— DATA SECTION —

============

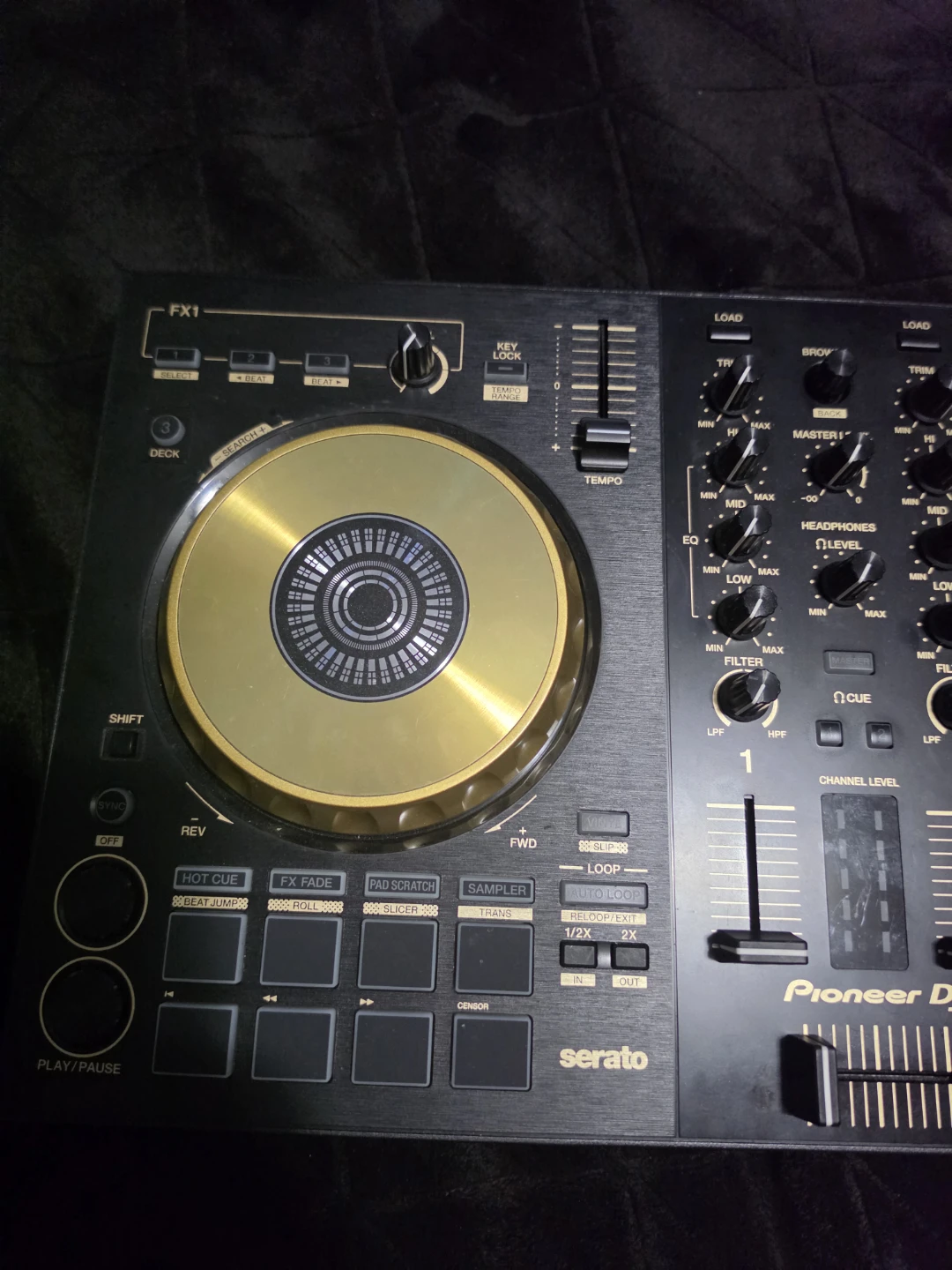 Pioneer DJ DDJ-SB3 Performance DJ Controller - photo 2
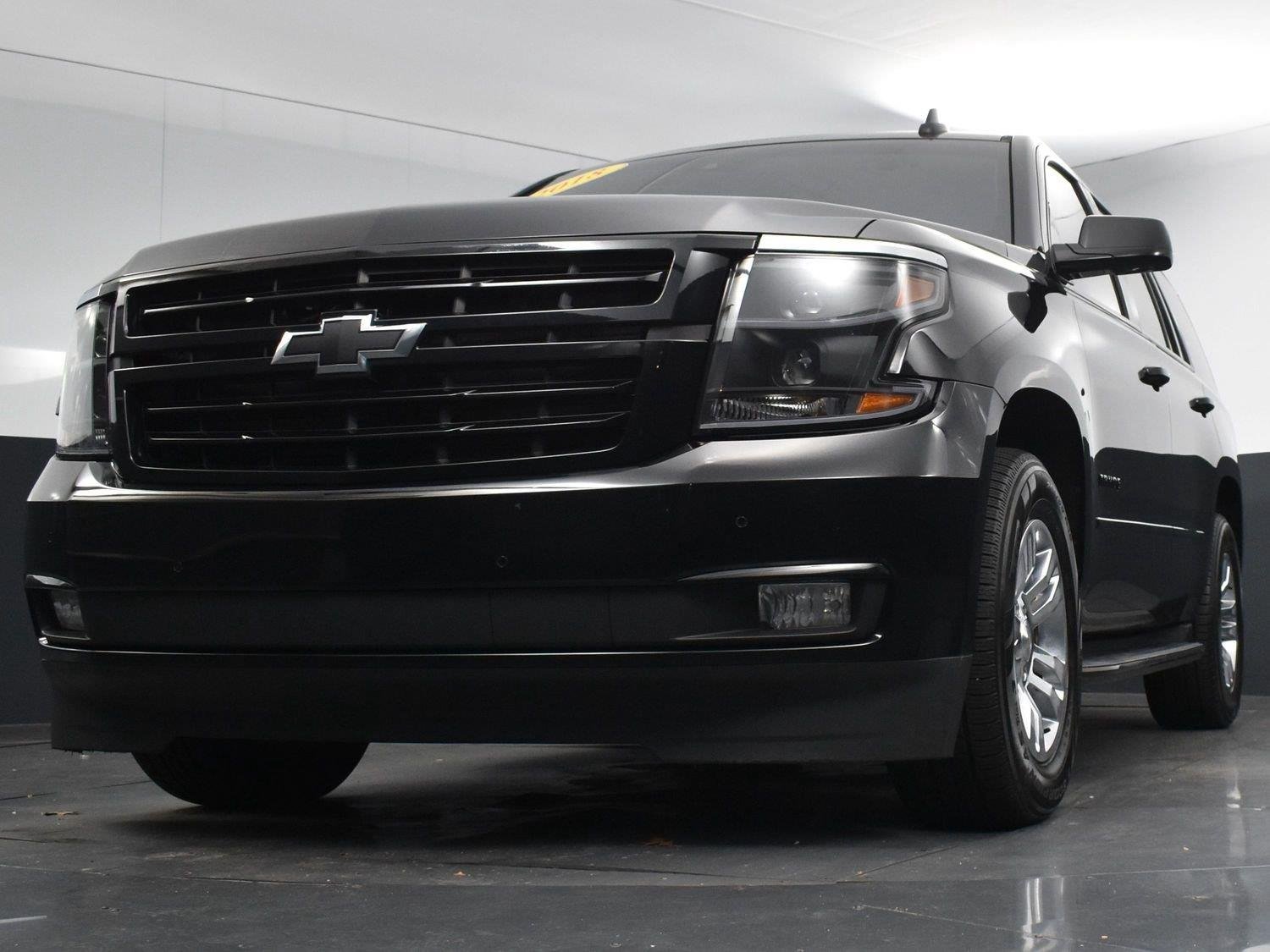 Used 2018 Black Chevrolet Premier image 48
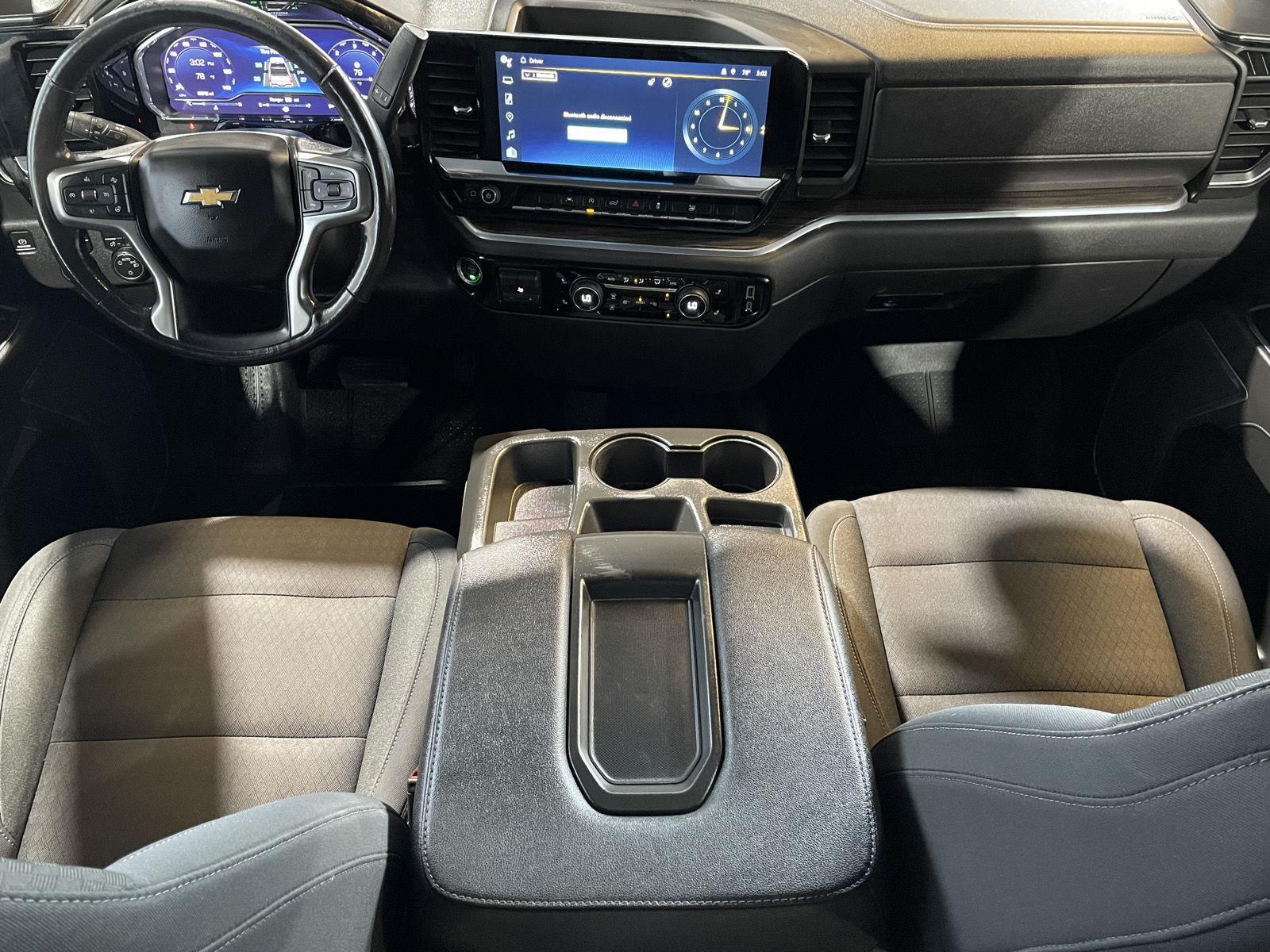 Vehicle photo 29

============

— WHAT THE EXERCISE ASKS —
Pictures are to be omitted. The lines from the line holding "Used 2018 Black Chevrolet Premier image 48" through the closing line of the data above are to be set down exactly, and nothing more.

— ANSWER TO THIS PROBLEM —
 Used 2018 Black Chevrolet Premier image 48
 Vehicle photo 29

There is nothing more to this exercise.